The most profound of Hirst's works in this exhibition was The Acquired Inability to Escape, which features a human presence of desk, chair, cigarettes, in a case similar to those displaying the formaldehyde-preserved animals. It was a stark reminder that despite the medicines and advancements of science, we too are mortal.

This exhibition is on at the Tate Modern, Southbank London to 9 September 2012.

Photo: Damien Hirst - The Acquired Inability to Escape

Wednesday, 4 July 2012

The Performer Experience

The two performances I have been involved with this week have gotten me thinking about the performer experience in various forms of theatre. In the traditional, commercial theatre, the performer is a vessel; they experience physical work, speak words, move around the stage (in musicals, jump and dance about) but little consideration of the experience is given to their perspective. Everything is facing outward through the proscenium, targeted at the bums in seats who have paid their £30.

The two pieces I took part in seriously challenged this.

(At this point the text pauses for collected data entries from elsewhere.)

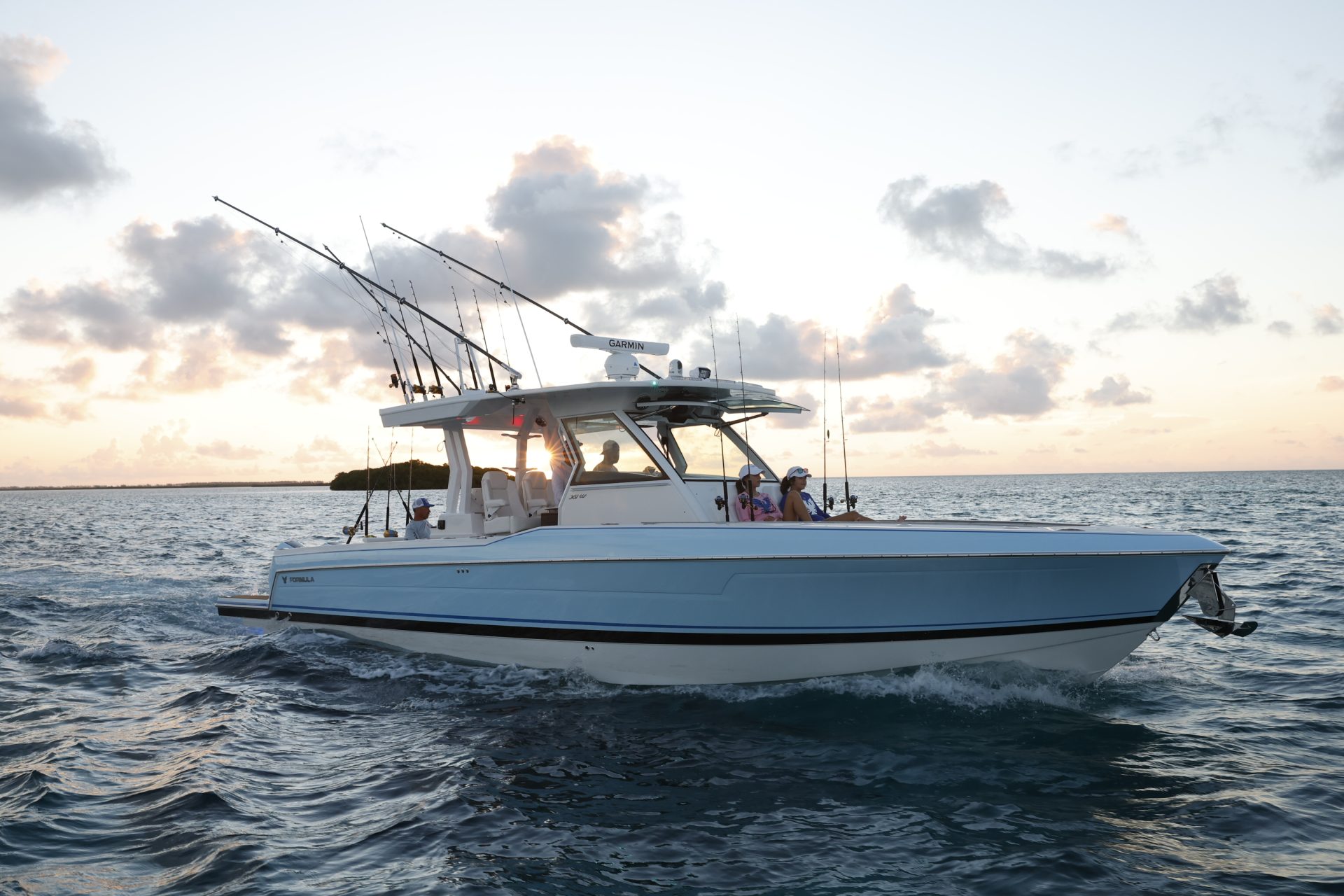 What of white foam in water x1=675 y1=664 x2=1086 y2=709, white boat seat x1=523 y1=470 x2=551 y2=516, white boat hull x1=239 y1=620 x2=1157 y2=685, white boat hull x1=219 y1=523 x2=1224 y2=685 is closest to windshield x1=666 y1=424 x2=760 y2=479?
white boat hull x1=219 y1=523 x2=1224 y2=685

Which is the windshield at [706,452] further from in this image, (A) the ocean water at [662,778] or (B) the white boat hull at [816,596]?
(A) the ocean water at [662,778]

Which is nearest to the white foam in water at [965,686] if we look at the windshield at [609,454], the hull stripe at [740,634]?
the hull stripe at [740,634]

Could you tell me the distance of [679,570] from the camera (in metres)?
7.28

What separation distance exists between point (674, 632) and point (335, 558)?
4.34m

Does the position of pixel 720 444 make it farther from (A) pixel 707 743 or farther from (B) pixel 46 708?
(B) pixel 46 708

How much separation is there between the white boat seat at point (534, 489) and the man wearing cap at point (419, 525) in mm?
1234

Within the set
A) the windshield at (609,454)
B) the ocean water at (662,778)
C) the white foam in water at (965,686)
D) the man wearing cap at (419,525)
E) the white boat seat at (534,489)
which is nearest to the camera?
the ocean water at (662,778)

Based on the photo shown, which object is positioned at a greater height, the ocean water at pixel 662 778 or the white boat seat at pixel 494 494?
the white boat seat at pixel 494 494

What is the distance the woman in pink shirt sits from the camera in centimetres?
832

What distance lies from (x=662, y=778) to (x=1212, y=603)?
13.8 ft

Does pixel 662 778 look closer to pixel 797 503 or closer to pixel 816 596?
pixel 816 596

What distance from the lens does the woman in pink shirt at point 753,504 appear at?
832cm

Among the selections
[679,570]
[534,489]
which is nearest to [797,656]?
[679,570]

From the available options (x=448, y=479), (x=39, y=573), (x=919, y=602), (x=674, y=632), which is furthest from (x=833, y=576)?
(x=39, y=573) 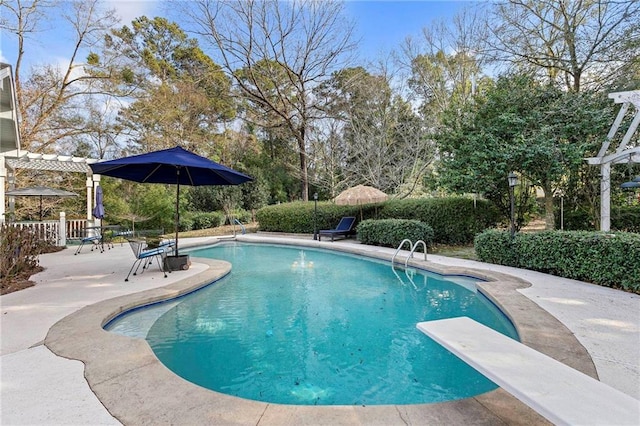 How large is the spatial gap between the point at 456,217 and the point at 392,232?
2.47 m

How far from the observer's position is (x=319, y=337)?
3.80m

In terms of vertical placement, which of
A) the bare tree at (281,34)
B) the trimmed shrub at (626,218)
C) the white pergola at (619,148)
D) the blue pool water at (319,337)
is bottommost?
the blue pool water at (319,337)

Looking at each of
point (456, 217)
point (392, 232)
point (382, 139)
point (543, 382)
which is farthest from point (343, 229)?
point (543, 382)

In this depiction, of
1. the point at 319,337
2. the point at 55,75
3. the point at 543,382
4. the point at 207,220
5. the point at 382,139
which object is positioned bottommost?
the point at 319,337

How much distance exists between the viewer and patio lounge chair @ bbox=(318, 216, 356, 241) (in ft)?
40.0

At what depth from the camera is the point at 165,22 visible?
19609 mm

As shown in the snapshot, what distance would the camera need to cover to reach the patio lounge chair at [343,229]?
12.2 m

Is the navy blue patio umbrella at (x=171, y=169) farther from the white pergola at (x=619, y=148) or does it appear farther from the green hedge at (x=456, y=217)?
the white pergola at (x=619, y=148)

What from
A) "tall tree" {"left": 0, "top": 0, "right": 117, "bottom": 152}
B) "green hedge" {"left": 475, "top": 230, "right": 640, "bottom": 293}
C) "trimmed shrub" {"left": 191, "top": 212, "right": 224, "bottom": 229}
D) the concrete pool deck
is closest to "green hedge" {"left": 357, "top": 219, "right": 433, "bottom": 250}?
"green hedge" {"left": 475, "top": 230, "right": 640, "bottom": 293}

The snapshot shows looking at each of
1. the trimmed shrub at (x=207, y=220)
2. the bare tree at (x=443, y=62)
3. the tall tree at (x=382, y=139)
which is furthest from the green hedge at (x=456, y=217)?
the trimmed shrub at (x=207, y=220)

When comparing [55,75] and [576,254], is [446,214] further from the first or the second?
[55,75]

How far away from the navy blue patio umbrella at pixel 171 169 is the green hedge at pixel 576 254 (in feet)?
20.2

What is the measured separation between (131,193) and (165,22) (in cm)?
1144

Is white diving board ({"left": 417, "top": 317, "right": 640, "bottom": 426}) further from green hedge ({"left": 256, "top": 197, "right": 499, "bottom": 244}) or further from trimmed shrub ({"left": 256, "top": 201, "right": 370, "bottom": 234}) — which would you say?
trimmed shrub ({"left": 256, "top": 201, "right": 370, "bottom": 234}) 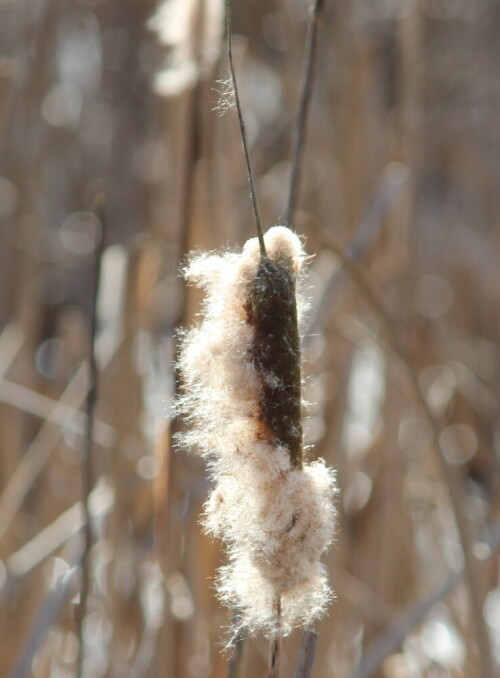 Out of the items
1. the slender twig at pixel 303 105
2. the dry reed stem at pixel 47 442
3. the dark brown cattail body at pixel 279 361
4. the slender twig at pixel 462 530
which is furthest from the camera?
the dry reed stem at pixel 47 442

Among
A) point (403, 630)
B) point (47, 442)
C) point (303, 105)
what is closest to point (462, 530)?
point (403, 630)

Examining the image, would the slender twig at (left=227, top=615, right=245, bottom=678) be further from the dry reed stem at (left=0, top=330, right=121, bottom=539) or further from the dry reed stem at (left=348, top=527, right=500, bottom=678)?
the dry reed stem at (left=0, top=330, right=121, bottom=539)

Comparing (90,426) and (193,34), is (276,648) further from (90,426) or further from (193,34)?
(193,34)

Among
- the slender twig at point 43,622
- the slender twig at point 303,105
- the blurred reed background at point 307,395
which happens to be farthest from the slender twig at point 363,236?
the slender twig at point 43,622

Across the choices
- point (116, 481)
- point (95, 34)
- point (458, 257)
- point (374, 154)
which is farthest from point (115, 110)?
point (116, 481)

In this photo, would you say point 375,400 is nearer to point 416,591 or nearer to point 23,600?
point 416,591

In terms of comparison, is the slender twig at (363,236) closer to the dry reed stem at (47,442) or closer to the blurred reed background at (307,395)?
the blurred reed background at (307,395) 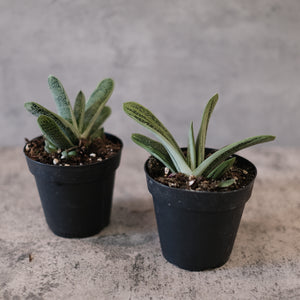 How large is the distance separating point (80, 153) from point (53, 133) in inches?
5.2

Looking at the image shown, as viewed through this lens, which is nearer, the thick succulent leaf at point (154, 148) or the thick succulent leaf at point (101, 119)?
the thick succulent leaf at point (154, 148)

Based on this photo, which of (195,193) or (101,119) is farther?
(101,119)

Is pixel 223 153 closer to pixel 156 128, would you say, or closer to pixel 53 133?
pixel 156 128

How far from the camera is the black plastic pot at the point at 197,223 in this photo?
4.00 ft

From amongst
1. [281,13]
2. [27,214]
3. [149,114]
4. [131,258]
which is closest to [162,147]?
[149,114]

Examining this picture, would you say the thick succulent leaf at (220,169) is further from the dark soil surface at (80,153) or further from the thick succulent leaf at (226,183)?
the dark soil surface at (80,153)

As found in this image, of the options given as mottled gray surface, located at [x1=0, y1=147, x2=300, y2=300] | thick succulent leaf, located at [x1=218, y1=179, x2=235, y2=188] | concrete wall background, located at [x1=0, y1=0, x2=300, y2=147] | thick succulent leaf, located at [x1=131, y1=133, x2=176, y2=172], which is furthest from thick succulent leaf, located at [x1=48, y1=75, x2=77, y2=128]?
concrete wall background, located at [x1=0, y1=0, x2=300, y2=147]

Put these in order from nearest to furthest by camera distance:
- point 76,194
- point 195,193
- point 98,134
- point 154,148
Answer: point 195,193, point 154,148, point 76,194, point 98,134

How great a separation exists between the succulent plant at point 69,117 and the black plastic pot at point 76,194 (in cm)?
8

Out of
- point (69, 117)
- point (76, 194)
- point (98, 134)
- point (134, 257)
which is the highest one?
point (69, 117)

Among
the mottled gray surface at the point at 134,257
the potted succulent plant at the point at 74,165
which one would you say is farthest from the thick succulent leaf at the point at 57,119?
the mottled gray surface at the point at 134,257

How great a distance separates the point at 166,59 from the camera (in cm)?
220

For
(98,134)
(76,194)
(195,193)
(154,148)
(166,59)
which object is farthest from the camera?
(166,59)

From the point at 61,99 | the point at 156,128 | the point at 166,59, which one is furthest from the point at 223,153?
the point at 166,59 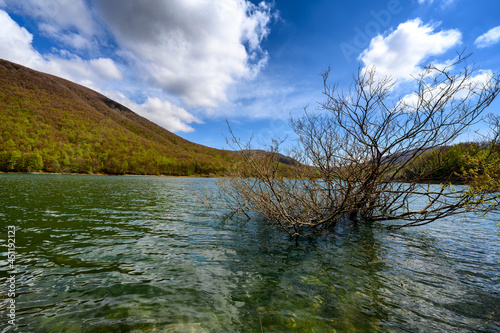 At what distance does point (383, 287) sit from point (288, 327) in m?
3.25

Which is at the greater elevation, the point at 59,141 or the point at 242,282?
the point at 59,141

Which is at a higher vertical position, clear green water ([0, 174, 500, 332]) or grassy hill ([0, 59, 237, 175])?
grassy hill ([0, 59, 237, 175])

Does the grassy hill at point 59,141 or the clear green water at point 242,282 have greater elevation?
the grassy hill at point 59,141

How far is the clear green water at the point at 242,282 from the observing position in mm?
3908

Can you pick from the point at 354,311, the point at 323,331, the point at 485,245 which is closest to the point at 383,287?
the point at 354,311

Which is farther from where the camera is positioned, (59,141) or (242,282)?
(59,141)

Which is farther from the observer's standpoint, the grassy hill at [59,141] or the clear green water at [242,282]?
the grassy hill at [59,141]

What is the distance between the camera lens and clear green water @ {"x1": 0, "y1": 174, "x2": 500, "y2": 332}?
12.8 feet

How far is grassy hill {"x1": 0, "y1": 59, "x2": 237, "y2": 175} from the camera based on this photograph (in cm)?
7671

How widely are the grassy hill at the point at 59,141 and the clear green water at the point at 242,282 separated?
60.1 meters

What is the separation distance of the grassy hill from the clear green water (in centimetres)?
6008

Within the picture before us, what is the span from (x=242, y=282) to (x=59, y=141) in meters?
128

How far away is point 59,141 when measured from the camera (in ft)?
314

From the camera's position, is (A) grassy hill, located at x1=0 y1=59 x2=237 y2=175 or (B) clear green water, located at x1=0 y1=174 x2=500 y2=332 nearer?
(B) clear green water, located at x1=0 y1=174 x2=500 y2=332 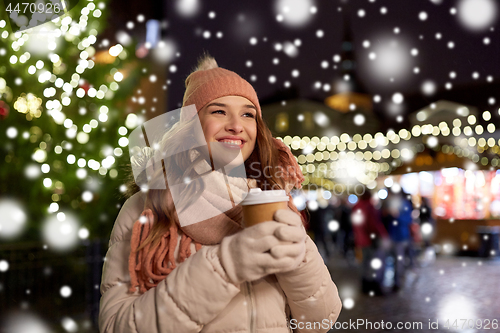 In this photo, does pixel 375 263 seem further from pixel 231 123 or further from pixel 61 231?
pixel 231 123

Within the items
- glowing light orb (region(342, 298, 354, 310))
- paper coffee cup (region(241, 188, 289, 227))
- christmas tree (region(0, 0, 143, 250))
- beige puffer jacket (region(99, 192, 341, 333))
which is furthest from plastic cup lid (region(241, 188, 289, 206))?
glowing light orb (region(342, 298, 354, 310))

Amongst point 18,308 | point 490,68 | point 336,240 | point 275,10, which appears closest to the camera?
point 18,308

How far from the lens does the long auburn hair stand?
4.73 feet

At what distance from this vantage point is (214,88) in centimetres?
163

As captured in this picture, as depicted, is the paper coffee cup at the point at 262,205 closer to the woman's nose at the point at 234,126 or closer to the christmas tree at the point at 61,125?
the woman's nose at the point at 234,126

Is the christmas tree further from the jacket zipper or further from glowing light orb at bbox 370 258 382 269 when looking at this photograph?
glowing light orb at bbox 370 258 382 269

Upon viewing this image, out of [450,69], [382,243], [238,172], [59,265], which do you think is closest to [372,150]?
[450,69]

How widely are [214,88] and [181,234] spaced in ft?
2.17

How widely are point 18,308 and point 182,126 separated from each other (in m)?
5.21

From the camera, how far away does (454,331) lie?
4848mm

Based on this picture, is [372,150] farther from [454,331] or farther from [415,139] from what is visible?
[454,331]

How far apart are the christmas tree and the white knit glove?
4.03 metres

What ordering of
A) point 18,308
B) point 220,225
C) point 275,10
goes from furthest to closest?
point 275,10, point 18,308, point 220,225

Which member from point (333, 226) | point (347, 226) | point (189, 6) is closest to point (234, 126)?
point (189, 6) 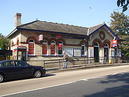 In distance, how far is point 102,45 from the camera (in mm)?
28688

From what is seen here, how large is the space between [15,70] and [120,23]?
2698 cm

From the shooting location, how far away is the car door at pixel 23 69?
1416cm

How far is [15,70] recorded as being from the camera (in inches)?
547

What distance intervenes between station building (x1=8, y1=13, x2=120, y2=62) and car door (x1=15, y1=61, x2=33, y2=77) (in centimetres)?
762

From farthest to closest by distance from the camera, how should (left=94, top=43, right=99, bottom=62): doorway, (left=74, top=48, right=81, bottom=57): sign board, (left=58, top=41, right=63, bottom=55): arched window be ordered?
(left=94, top=43, right=99, bottom=62): doorway
(left=74, top=48, right=81, bottom=57): sign board
(left=58, top=41, right=63, bottom=55): arched window

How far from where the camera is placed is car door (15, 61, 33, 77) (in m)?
14.2

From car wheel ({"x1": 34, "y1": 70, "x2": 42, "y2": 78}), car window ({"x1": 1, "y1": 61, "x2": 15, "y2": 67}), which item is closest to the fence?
car wheel ({"x1": 34, "y1": 70, "x2": 42, "y2": 78})

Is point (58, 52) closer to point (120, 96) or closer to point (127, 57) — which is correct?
point (127, 57)

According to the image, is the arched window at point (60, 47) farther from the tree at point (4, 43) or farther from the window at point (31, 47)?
the tree at point (4, 43)

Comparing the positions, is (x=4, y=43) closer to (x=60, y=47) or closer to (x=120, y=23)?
(x=60, y=47)

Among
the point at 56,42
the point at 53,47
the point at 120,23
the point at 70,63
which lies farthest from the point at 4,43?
the point at 120,23

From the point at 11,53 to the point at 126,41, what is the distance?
62.4ft

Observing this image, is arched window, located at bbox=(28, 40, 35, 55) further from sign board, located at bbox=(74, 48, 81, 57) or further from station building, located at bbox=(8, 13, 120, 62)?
sign board, located at bbox=(74, 48, 81, 57)

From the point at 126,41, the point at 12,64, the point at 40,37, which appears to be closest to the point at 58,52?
the point at 40,37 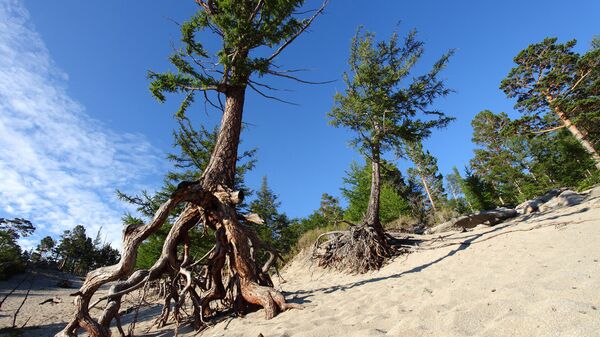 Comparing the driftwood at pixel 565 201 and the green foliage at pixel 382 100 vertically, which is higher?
the green foliage at pixel 382 100

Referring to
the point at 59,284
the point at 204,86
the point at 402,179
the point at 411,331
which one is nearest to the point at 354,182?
the point at 402,179

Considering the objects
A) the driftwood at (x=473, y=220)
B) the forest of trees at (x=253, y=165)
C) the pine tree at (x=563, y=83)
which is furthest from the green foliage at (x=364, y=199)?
the pine tree at (x=563, y=83)

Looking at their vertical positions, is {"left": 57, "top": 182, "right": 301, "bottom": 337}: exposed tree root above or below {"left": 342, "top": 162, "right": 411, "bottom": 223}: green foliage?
below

How We Met (still running at the RADA Festival - www.rada.ac.uk - until Saturday 7 July) is a piece of promenade theatre. Without giving too much away, I can tell you that the audience go through the experience one at a time, with headphones on and a host to follow, guiding them through a way of seeing while walking through the streets. As a performer in this kind of piece, with your small but important pattern to perform repeatedly, feelings of loneliness and solitude are evoked. Much like the people enjoying the performance, the performers are simultaneously together (as a unit) but alone (doing their specific sequence). Not unlike people every day in life, who are together in this experience of London in July of 2012, but alone in our own path and perspective. The performer experience thus reflects the audience experience, taking the performer on a journey as well.

Moving Forest (500 Slogans) was an entirely different style of piece. Part of a 12 hour performance art installation, we read the poem amidst all sorts of other noisy installation pieces, crowds out on their lunch, workmen going by. Even our interpretation of the poem, as a cacaphony of noise and sound, rendering us unable to pick out the actual value from the unending stream of information flowing at us in every day society reflected this. While reading, though, focused, moving in my pattern and reading the text as rehearsed, I found myself almost in a trance-like state, unaware of all the other noise around me, having blocked it out. I cannot speak for the audience experience too directly, but writer Matthew Fuller (of 500 Slogans) noted that coming outside to our cacaphonous reading was an audible break from the volume and noise of the other installations, despite its overwhelming sense on its own.

I propose that the most exciting pieces of theatre are those which help the performer experience something while they are helping the audience experience something; the performer is not simply a vessel, but a conspirator, experiencing and changing in the world at the same time as their auditor...each having an affect on the other.